Sebelius and Lt. Gov. Mark Parkinson recently announced BEST II, an effort to help the state streamline its spending practices. The initiative is named after the Budget Efficiency Savings Team that operated from 2003 to 2004. Arthur Hall, director of the Center for Applied Economics in the University of Kansas School of Business, was executive director of the initial group and said performing cost benefit analyses on proposed road projects — to measure their expense against their potential value — could save the state and taxpayers large sums of money and at the same time show what projects are the most important.
Hall, a loan executive with Koch Industries at the time of the first BEST effort, started the Center for Applied Economics in 2004. One center project analyzed academic studies from across the nation relating to spending on all road-related projects and economic growth. The study found over the last several decades such spending generally has little impact on economic development, contradicting the common belief that road projects automatically trigger economic stimulus.
In Kansas alone, taxpayers fund about $1 billion in road-related spending per year, one of the largest line items in the state budget. More than 75 percent of the savings found by the initial BEST effort came from renegotiating better terms for road-related debt.
“No one questions the economic importance of building and maintaining good roadways and safe bridges,” Hall wrote in a recent opinion piece to Kansas newspapers. “However, it is a mistake to think that every road is a ‘good’ road from an investment perspective. Taxpayers can ‘lose’ money by building underused roads just like investors have lost money by building underused buildings or fiber-optic networks.”
Performing cost benefit analyses also could identify projects that need more attention, Hall said. However, a sustainable process for executing such analyses does not exist at the state level.
“Right now there is insufficient economic discipline in the decision making process,” Hall said.

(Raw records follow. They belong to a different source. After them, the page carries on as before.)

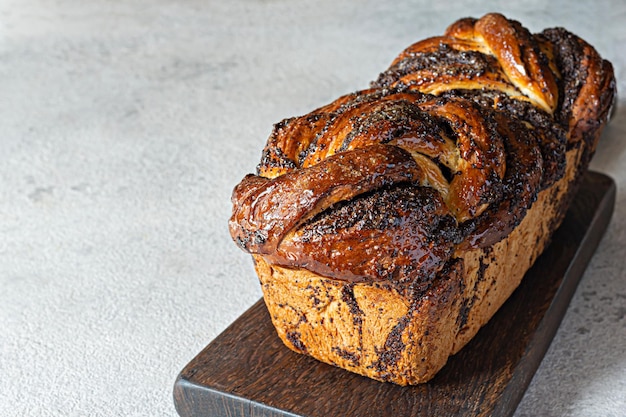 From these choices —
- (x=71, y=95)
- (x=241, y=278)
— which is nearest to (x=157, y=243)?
(x=241, y=278)

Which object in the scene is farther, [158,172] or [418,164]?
[158,172]

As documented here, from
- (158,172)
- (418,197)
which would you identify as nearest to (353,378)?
(418,197)

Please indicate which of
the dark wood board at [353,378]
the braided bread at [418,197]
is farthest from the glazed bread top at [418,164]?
the dark wood board at [353,378]

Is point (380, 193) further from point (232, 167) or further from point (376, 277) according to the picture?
point (232, 167)

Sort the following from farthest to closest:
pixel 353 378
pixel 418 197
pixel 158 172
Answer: pixel 158 172 < pixel 353 378 < pixel 418 197

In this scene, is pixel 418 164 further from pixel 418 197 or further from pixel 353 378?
pixel 353 378

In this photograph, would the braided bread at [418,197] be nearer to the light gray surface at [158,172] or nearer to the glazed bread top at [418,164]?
the glazed bread top at [418,164] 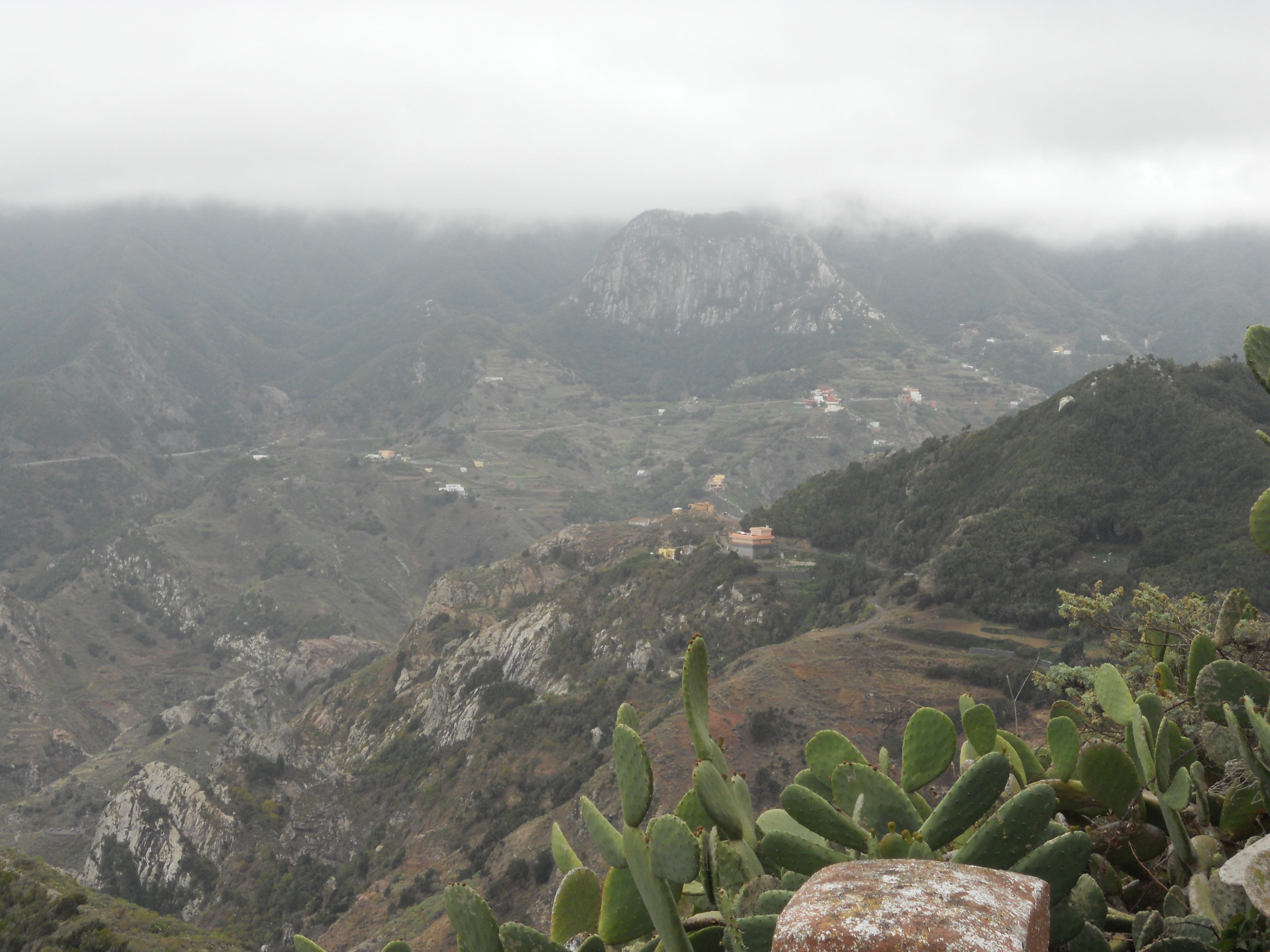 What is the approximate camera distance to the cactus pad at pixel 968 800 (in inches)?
123

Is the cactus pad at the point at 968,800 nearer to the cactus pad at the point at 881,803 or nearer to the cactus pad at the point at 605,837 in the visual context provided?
the cactus pad at the point at 881,803

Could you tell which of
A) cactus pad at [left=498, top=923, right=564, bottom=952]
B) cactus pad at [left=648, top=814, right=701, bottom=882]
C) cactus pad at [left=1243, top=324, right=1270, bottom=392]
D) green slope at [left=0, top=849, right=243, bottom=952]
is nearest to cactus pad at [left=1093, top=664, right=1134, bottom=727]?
cactus pad at [left=1243, top=324, right=1270, bottom=392]

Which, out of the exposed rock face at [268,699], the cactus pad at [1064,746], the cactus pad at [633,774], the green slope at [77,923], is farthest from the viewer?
the exposed rock face at [268,699]

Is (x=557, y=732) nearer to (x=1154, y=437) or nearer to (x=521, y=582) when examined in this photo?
(x=521, y=582)

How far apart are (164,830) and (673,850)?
48999mm

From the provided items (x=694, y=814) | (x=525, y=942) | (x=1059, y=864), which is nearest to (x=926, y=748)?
(x=1059, y=864)

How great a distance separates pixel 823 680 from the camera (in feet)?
106

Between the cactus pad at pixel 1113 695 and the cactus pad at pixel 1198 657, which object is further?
the cactus pad at pixel 1198 657

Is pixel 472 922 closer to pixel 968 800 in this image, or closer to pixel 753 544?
pixel 968 800

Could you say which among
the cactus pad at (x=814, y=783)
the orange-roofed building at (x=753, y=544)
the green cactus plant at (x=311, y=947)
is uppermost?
the cactus pad at (x=814, y=783)

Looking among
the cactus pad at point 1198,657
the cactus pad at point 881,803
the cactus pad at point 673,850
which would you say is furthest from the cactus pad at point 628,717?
the cactus pad at point 1198,657

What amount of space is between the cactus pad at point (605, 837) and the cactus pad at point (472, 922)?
530mm

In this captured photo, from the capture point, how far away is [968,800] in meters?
3.22

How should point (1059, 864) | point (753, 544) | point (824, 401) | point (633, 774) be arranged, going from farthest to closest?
point (824, 401) < point (753, 544) < point (633, 774) < point (1059, 864) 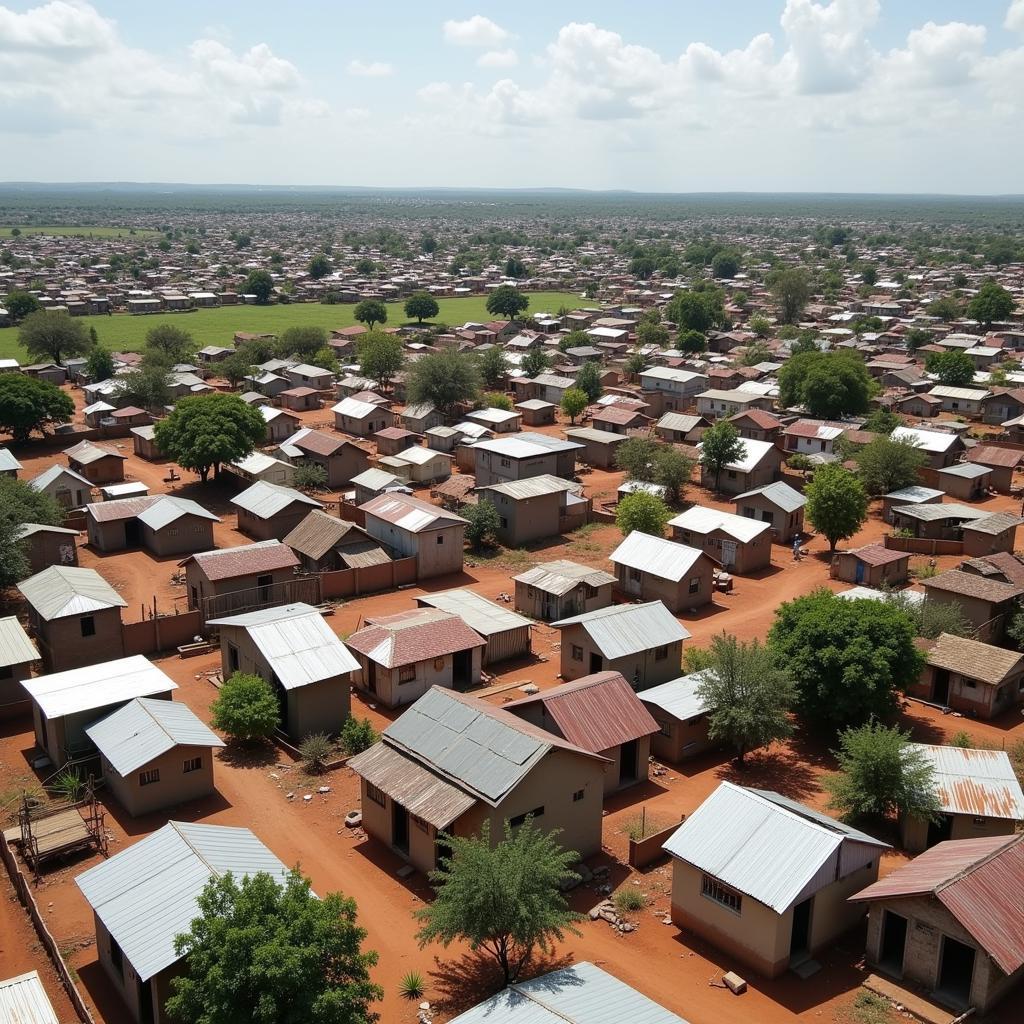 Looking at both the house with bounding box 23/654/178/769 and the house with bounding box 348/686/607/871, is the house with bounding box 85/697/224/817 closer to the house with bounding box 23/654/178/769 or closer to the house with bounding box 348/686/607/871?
the house with bounding box 23/654/178/769

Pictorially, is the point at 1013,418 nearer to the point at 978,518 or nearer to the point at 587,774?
the point at 978,518

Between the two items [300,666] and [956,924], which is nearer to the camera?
[956,924]

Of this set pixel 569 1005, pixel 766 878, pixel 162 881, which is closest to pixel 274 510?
pixel 162 881

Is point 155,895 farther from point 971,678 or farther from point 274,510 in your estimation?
point 274,510

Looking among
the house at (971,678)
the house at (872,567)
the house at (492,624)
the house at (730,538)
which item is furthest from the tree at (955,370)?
the house at (492,624)

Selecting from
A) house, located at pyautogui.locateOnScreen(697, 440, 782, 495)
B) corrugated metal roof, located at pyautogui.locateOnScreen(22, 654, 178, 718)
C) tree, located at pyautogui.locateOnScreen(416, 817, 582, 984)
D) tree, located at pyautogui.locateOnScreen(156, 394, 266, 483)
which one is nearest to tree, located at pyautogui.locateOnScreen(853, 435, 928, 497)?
house, located at pyautogui.locateOnScreen(697, 440, 782, 495) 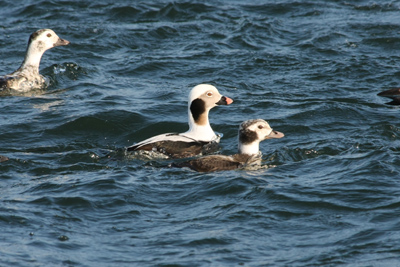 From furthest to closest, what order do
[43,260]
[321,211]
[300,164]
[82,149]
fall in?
[82,149], [300,164], [321,211], [43,260]

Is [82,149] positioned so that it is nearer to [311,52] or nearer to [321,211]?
[321,211]

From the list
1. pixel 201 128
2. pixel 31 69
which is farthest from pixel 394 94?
pixel 31 69

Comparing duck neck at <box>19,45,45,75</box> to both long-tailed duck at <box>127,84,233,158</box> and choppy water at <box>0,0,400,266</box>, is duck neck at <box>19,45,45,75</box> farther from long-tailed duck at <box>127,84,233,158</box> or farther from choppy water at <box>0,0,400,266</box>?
Result: long-tailed duck at <box>127,84,233,158</box>

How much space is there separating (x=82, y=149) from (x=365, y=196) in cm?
475

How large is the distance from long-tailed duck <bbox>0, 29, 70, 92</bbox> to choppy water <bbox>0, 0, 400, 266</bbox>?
1.25ft

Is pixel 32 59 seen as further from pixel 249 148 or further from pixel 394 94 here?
pixel 394 94

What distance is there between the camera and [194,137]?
1121 centimetres

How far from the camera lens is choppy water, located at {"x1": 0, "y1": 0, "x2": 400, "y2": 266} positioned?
749 cm

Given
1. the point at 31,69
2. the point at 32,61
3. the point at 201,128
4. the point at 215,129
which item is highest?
the point at 32,61

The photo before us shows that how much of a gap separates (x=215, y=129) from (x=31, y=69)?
206 inches

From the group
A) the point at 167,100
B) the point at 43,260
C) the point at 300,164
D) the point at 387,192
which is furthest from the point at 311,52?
the point at 43,260

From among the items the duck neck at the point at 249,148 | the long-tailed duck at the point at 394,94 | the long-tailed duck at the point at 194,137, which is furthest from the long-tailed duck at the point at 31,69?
the long-tailed duck at the point at 394,94

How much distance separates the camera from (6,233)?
25.1 feet

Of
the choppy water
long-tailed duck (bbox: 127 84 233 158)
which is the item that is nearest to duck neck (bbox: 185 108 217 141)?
long-tailed duck (bbox: 127 84 233 158) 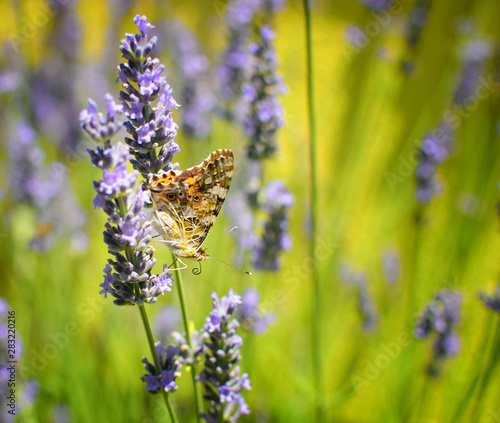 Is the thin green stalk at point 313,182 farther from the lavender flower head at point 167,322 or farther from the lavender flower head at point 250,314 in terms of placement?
the lavender flower head at point 167,322

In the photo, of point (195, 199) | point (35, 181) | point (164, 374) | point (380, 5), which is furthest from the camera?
point (35, 181)

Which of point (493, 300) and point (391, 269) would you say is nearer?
point (493, 300)

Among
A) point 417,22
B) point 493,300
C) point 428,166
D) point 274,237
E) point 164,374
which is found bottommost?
point 164,374

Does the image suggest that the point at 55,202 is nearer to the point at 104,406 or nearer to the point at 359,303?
the point at 104,406

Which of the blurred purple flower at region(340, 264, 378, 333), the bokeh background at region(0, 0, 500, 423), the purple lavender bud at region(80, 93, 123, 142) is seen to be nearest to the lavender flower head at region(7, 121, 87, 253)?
the bokeh background at region(0, 0, 500, 423)

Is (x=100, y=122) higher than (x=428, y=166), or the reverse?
(x=428, y=166)

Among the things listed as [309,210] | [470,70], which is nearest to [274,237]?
[309,210]

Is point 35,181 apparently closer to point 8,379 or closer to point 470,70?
point 8,379

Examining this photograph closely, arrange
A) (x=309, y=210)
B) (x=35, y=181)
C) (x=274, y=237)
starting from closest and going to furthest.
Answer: (x=274, y=237)
(x=35, y=181)
(x=309, y=210)

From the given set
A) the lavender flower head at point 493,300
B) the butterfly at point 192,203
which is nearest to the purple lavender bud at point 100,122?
the butterfly at point 192,203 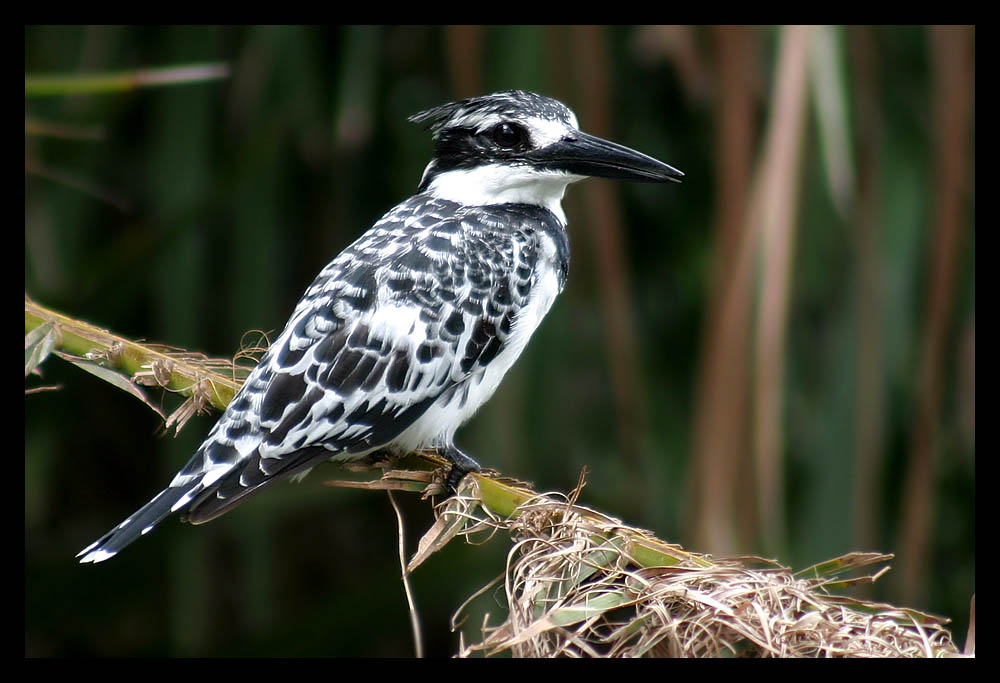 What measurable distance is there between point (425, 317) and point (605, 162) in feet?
1.59

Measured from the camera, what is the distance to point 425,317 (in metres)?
1.91

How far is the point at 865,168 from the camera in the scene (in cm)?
239

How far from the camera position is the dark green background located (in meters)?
2.32

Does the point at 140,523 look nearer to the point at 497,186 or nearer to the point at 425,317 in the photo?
the point at 425,317

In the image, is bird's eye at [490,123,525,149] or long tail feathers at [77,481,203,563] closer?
long tail feathers at [77,481,203,563]

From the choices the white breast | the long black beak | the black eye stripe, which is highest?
the black eye stripe

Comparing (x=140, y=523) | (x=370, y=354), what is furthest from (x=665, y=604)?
(x=140, y=523)

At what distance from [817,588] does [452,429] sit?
77 centimetres

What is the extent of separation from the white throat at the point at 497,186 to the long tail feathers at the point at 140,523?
33.5 inches

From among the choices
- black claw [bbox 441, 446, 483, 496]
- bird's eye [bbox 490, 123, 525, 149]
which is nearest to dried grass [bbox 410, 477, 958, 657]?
black claw [bbox 441, 446, 483, 496]

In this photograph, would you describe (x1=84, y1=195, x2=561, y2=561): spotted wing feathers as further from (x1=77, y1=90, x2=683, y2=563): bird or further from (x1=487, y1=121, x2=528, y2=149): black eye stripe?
(x1=487, y1=121, x2=528, y2=149): black eye stripe

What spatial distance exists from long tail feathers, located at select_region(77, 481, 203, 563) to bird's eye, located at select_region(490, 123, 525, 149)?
93cm

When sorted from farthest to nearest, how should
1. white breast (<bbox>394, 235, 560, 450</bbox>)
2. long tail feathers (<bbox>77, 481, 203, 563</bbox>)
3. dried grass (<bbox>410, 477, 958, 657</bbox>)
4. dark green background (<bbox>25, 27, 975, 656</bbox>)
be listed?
dark green background (<bbox>25, 27, 975, 656</bbox>) < white breast (<bbox>394, 235, 560, 450</bbox>) < long tail feathers (<bbox>77, 481, 203, 563</bbox>) < dried grass (<bbox>410, 477, 958, 657</bbox>) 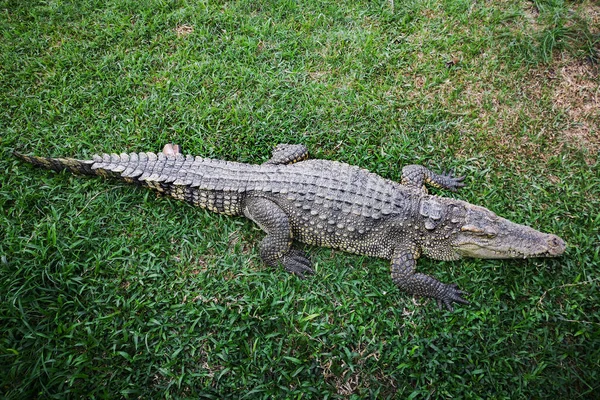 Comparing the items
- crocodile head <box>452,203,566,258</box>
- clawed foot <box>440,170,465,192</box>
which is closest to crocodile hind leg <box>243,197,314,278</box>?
crocodile head <box>452,203,566,258</box>

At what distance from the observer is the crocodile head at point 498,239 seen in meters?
3.52

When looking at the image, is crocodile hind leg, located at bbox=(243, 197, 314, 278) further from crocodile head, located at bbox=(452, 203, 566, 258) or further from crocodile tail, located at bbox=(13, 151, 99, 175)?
crocodile tail, located at bbox=(13, 151, 99, 175)

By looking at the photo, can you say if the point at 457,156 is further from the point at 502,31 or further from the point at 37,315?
the point at 37,315

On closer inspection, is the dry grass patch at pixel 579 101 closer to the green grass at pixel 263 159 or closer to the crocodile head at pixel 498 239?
the green grass at pixel 263 159

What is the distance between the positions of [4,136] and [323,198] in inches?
143

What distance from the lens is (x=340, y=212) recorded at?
3.74 meters

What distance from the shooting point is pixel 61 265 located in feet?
11.7

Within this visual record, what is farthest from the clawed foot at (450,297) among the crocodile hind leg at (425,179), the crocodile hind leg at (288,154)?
the crocodile hind leg at (288,154)

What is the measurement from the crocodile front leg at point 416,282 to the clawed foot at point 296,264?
2.67ft

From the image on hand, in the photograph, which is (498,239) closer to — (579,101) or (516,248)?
(516,248)

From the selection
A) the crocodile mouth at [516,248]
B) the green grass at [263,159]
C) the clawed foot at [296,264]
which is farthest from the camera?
the clawed foot at [296,264]

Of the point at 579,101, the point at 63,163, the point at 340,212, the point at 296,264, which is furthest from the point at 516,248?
the point at 63,163

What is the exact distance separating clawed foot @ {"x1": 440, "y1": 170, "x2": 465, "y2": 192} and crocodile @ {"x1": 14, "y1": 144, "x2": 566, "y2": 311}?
1.07 ft

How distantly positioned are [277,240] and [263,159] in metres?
1.09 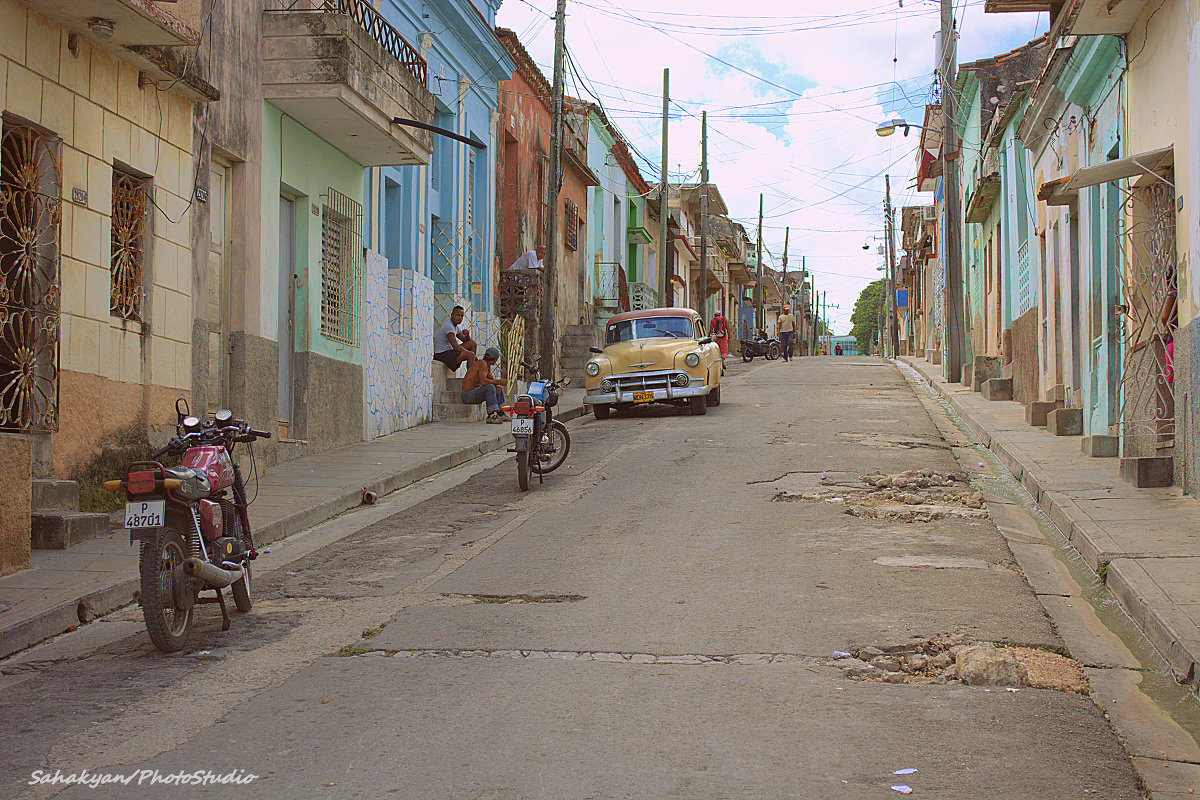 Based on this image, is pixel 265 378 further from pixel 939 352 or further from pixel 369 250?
pixel 939 352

Yet, the opportunity to implement an analysis process exists. The Kansas Department of Transportation recently released a draft of a long-range capital improvement plan for transportation spending. The draft is the next phase of a $13.6 billion, 10-year comprehensive plan started by Kansas lawmakers in 1999. Hall said the governor’s office is in position to make regular analyses a reality.
Implementing an independent, apolitical body — such as the Consensus Revenue Estimating Group, which consists of the head of the Kansas Division of the Budget and economists from regents universities — would be ideal, Hall said.
“A disciplined cost benefit-cost evaluation of future road spending would mark a fundamental change for the better in the way the state does business and promises a huge payoff for the BEST II effort — and Kansas taxpayers,” Hall said.